#### [WORK TO COMPLETE]
Everything from the line that contains "Euphorbia Knuthii Cactus Plant - myBageecha" through the final line of the records below should be quoted exactly, except the pictures.

#### [MATERIAL PROVIDED]
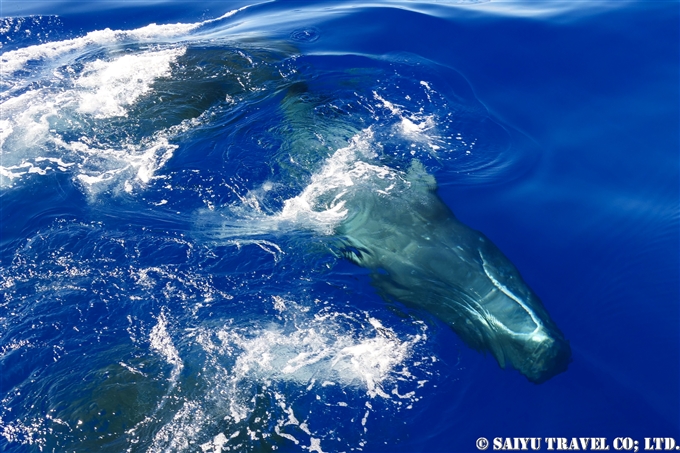 小笠原　父島　マッコウクジラ　マッコウクジラの子供 Bonin Island Sperm Whale (4)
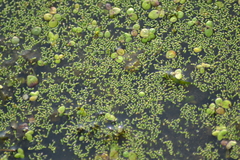 Wolffia brasiliensis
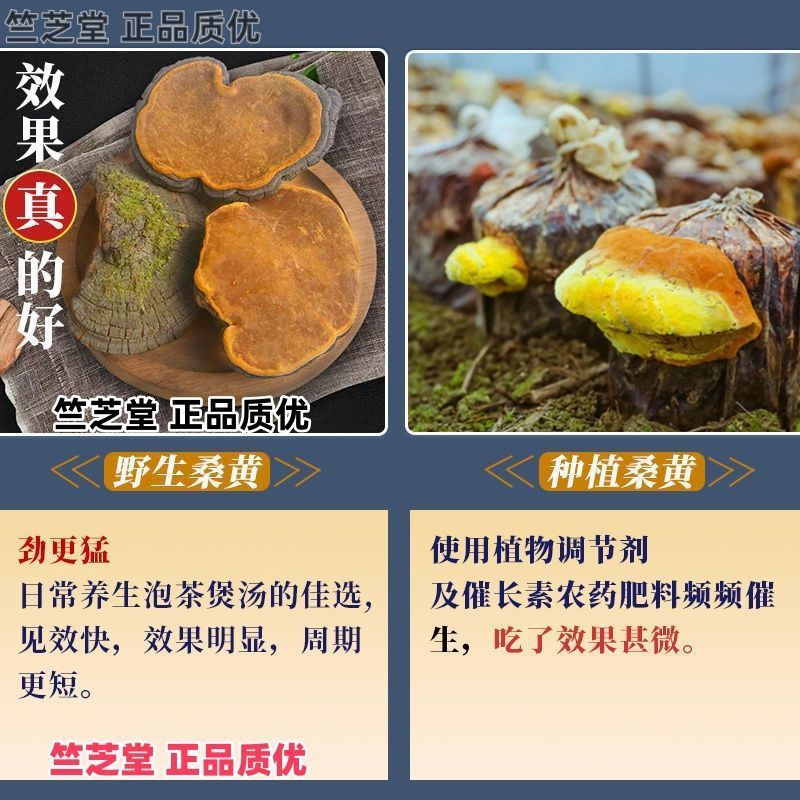 野生桑黄正品桑黄整枝切块纯野生桑黄干货中药材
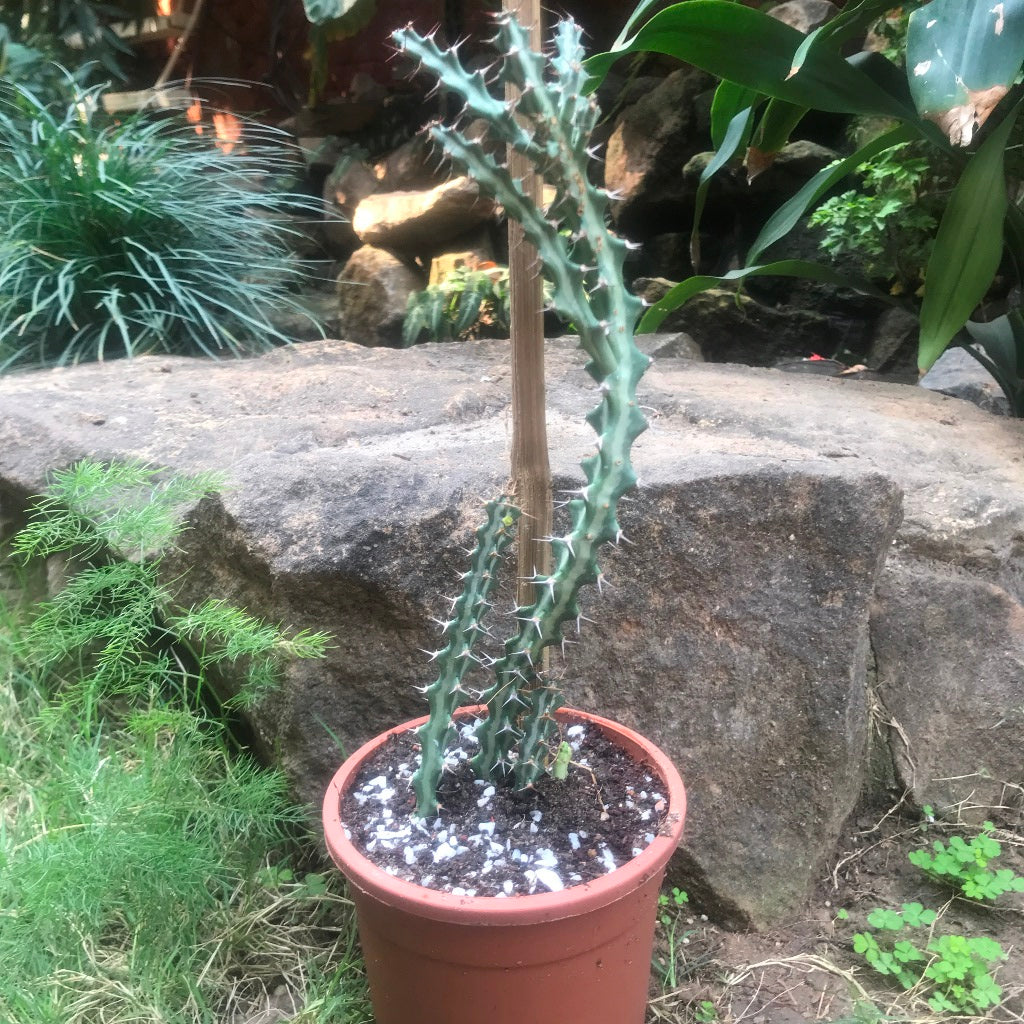 Euphorbia Knuthii Cactus Plant - myBageecha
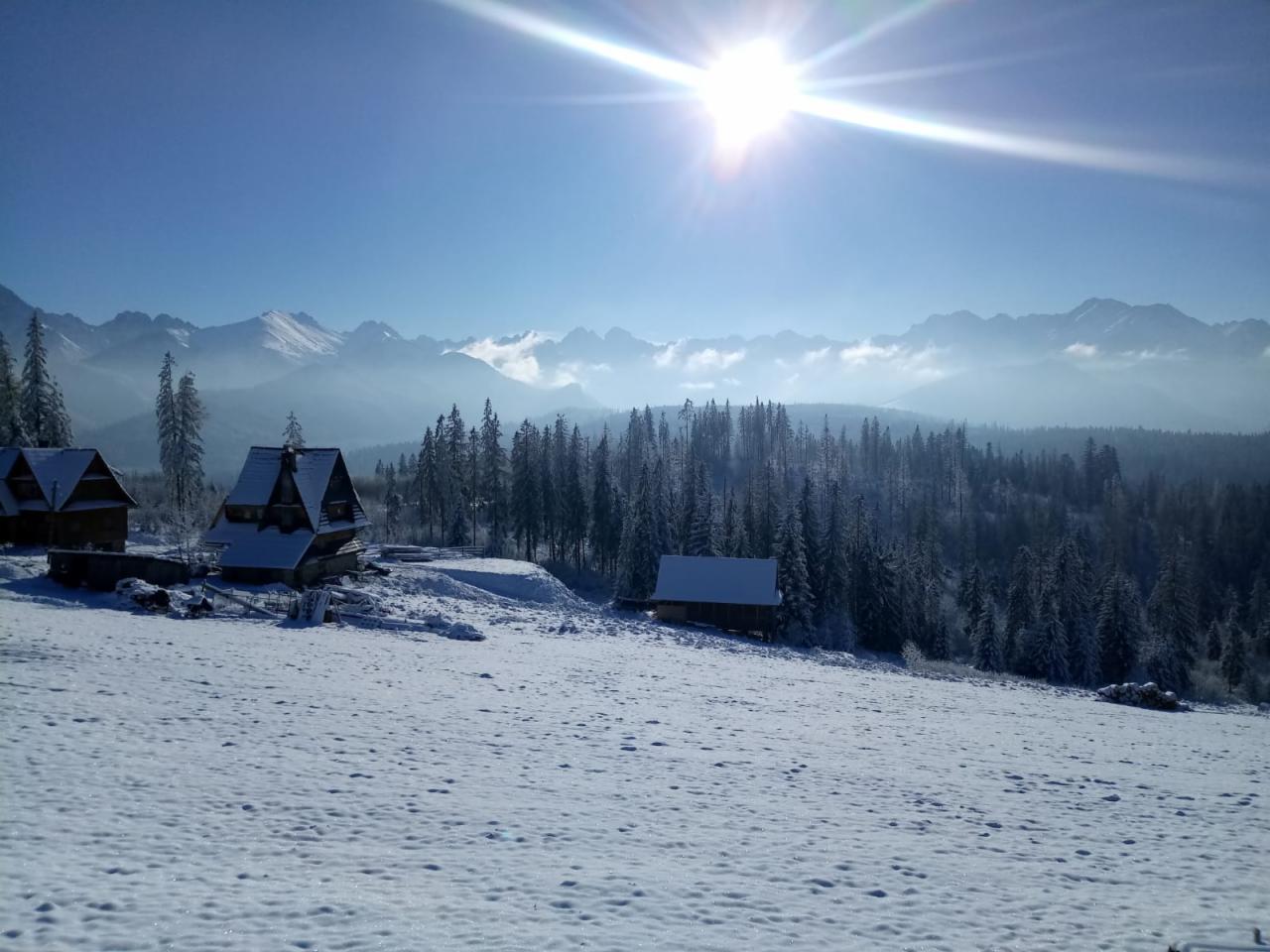 Zimowy krajobraz górski z drewnianymi domkami pokrytymi śniegiem, las iglasty w tle, jasne słońce na błękitnym niebie.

#### [FINAL ANSWER]
 Euphorbia Knuthii Cactus Plant - myBageecha
 Zimowy krajobraz górski z drewnianymi domkami pokrytymi śniegiem, las iglasty w tle, jasne słońce na błękitnym niebie.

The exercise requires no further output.